Architecture Review: GD_xPRIMEray Curved-Ray GRIN Renderer¶

Reviewer focus: Build a clear mental model before proposing changes. Experimental GRIN curved-ray engine — prioritizing correctness and extensibility.

1. Full Control Flow — Camera → Integration → Intersection → Shading¶

_Process(delta)                                       GrinFilmCamera.cs:1400
  └─ RenderStep()                                     GrinFilmCamera.cs:1410
       │
       ├─ ResolveEffectiveConfig(out cfg)              GrinFilmCamera.cs:5854
       │    Snapshots all RayBeamRenderer + GrinFilmCamera settings
       │    into a frozen EffectiveConfig struct for the entire step.
       │
       ├─ EnsureFilmImageSize(cfg)                     Allocate/resize Image + ImageTexture
       │
       ├─── BAND LOOP (progressive rows) ─────────────────────────────
       │    _rowCursor advances RowsPerFrame rows per call.
       │    Budget watchdog (RenderStepMaxMs) can abort mid-band.
       │
       │  ┌──────────────────────────────────────────────────────────┐
       │  │  PASS 1 — Ray Integration (Parallel.For)                │
       │  │  GrinFilmCamera.cs:2453                                  │
       │  │                                                          │
       │  │  For each pixel (pi) in band:                            │
       │  │    1. Compute NDC (u,v) from pixel coords     :2490      │
       │  │    2. Build camera ray:                                  │
       │  │       dirCam = (u*tan*aspect, v*tan, -1).Normalized()    │
       │  │       dirWorld = basis * dirCam                :2494-2502 │
       │  │       bendDir = basis.X                                  │
       │  │    3. Call _rbr.BuildRaySegmentsCamera_Pass1() :2507     │
       │  │       ┌─ RayBeamRenderer.cs:1938 ───────────────────┐    │
       │  │       │  for s in 0..StepsPerRay:               :2022│   │
       │  │       │    a.
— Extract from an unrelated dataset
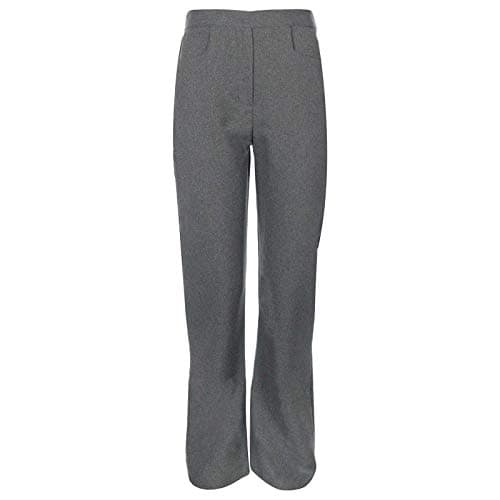 Girls Back To School Pull Up Half Elasticated Waist Trousers Kids Toddlers Children Junior Stretch Waistband Casual Formal Uniform Plain Nursery Pull On Pants Bottom Legging Size 2-13 Years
Field eval (grid→snap→radial)  :2040-57│   │
       │  │       │    b. Clamp accel (50 cap)           :2060-63│   │
       │  │       │    c. Adaptive step sizing            :2065-78│   │
       │  │       │    d. Screen-space cadence            :2084-93│   │
       │  │       │    e. v = normalize(v + a*step)          :2095│   │
       │  │       │       next = p + v*step                  :2096│   │
       │  │       │    f. Emit RaySeg every `ce` steps   :2122-46│   │
       │  │       │    g. Optional pass-1 probe raycast  :2148-94│   │
       │  │       └──────────────────────────────────────────────┘    │
       │  │    4. Store segCountPerPixel, pass1Hit* per pixel        │
       │  └──────────────────────────────────────────────────────────┘
       │
       │  ┌──────────────────────────────────────────────────────────┐
       │  │  PASS 2 — Collision + Shading (Sequential, main thread) │
       │  │  GrinFilmCamera.cs:3333                                  │
       │  │                                                          │
       │  │  For each pixel in band (stride-aligned):                │
       │  │    for pass in 0..1:                             :3447   │
       │  │      for si in segments:                         :3466   │
       │  │        A. Insight-plane filter                   :3535   │
       │  │        B. Broadphase quick-ray (cached)          :3602   │
       │  │        C. Broadphase overlap (IntersectShape)    :3562   │
       │  │        D. Soft-gate scoring decision             :3494ff │
       │  │        E. SubdividedRayHit (RBR.cs:1226)                │
       │  │           Subdivides curved segment into sub-rays        │
       │  │           and raycasts each                              │
       │  │        F. Track nearest hit (bestHp, bestHn)             │
       │  │    Shade:                                        :4383   │
       │  │      DepthHeatmap | NormalRGB | NdotV | TwoSidedNdotV   │
       │  │    FillPixelBlock → _img.SetPixel()              :4437   │
       │  └──────────────────────────────────────────────────────────┘
       │
       ├─ _tex.Update(_img)                           Upload to GPU
       ├─ UpdateDebugOverlayFromFilm(...)             Optional debug overlay
       └─ Advance _rowCursor; wrap at film height

The system is a two-pass progressive renderer. Pass 1 is embarrassingly parallel (one thread per pixel), while Pass 2 is sequential on the main thread because it calls Godot physics APIs (IntersectRay, IntersectShape) which require main-thread access.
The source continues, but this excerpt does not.